There is a disconnect between traditional learning and current testing methods for professional exams, such as the Bar Exam. Without the necessary data and analytics, educators and administrators continue to employ traditional methods of learning and review to help their students prepare for the Bar.
Big data and predictive analytics can be the bridge to a law school's successful transition from the old to the new. By identifying weaknesses in any given student, class, or area of content, law schools can adjust their curriculum quickly to ensure the highest level of success for the bar.
These adjustments may be made within any given semester or may dictate changes in the curriculum for subsequent academic years. It allows law schools to be flexible in their preparation of their graduating law students for the ever-evolving bar exam.
Bar prep should ideally be the antithesis to the method of teaching employed at any law school. Within traditional law school curriculum, students are taught materials through various passive learning conduits, such as lectures, reading materials, etc., for which they are subsequently tested and assessed a grade.
Bar prep should flip the paradigm and begin with assessments that would start to generate data. But instead of just an assessment score for selecting the correct answer, the goal is to capture a great deal more data by assessing competency.
What does this mean? It means reducing the margin of error associated with guessing, even if it's an educated guess. Adding a variable to track guesses, is vitally important. Moreover, it's important to test the same concept more than once in order to see if students truly understand a concept or if they are just guessing really well that day. Predictive analytics will allow us to constantly adjust to changing factors that will ultimately determine sucess rates.
Generating big data for each individual student or class is important but how it is achieved is equally important. Students have an enormous incentive to do well on their bar exam, particularly when their career is at stake, but often times, it's not enough of an impetus for them to take that extra step to help improve their chances on the bar exam.
Much of the failure in bar prep materials and bar prep courses has to do with lack of motivation. Perhaps it's a generational thing. Perhaps the methods of review are antiquated, particularly for this generation of law students. For that reason, a push for the gamification of education has already begun.

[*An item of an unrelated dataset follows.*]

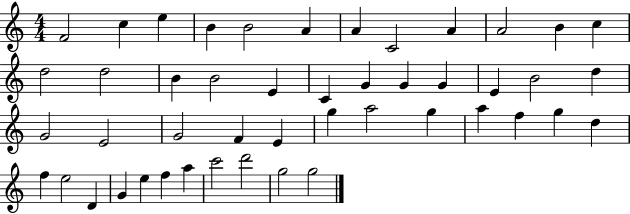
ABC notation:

Gamification helps to solve many issues. It increases the motivation of students to review by encouraging competition between students within a group, a class, or nationally. It also acclimates them to the testing environment by utilizing the same format and testing model of the bar exam.
While students are "playing," they are generating necessary data to identify issues with their individual knowledge base to identify for themselves their areas of weakness. As a group or class, the data generated would be invaluable to a law school in understanding any deficiencies that might exist in the curriculum.
In this session, we will cover the use of big data and predictive analytics to help law schools better prepare their students for the bar exam and to adjust their curriculum to accommodate changing standards, identify positive and negative trends in their students or classes in regards to competency within each specific subject or topic.
Finally, we will address the use of gamification to help motivate students to prepare for their bar exam and thereby generating the necessary analytical data to determine their readiness for the bar as well as contribute to the data for their law school.
Attendees should have an understanding of analytics, although much of this will be self-explanatory. A basic understanding of this subject area is required.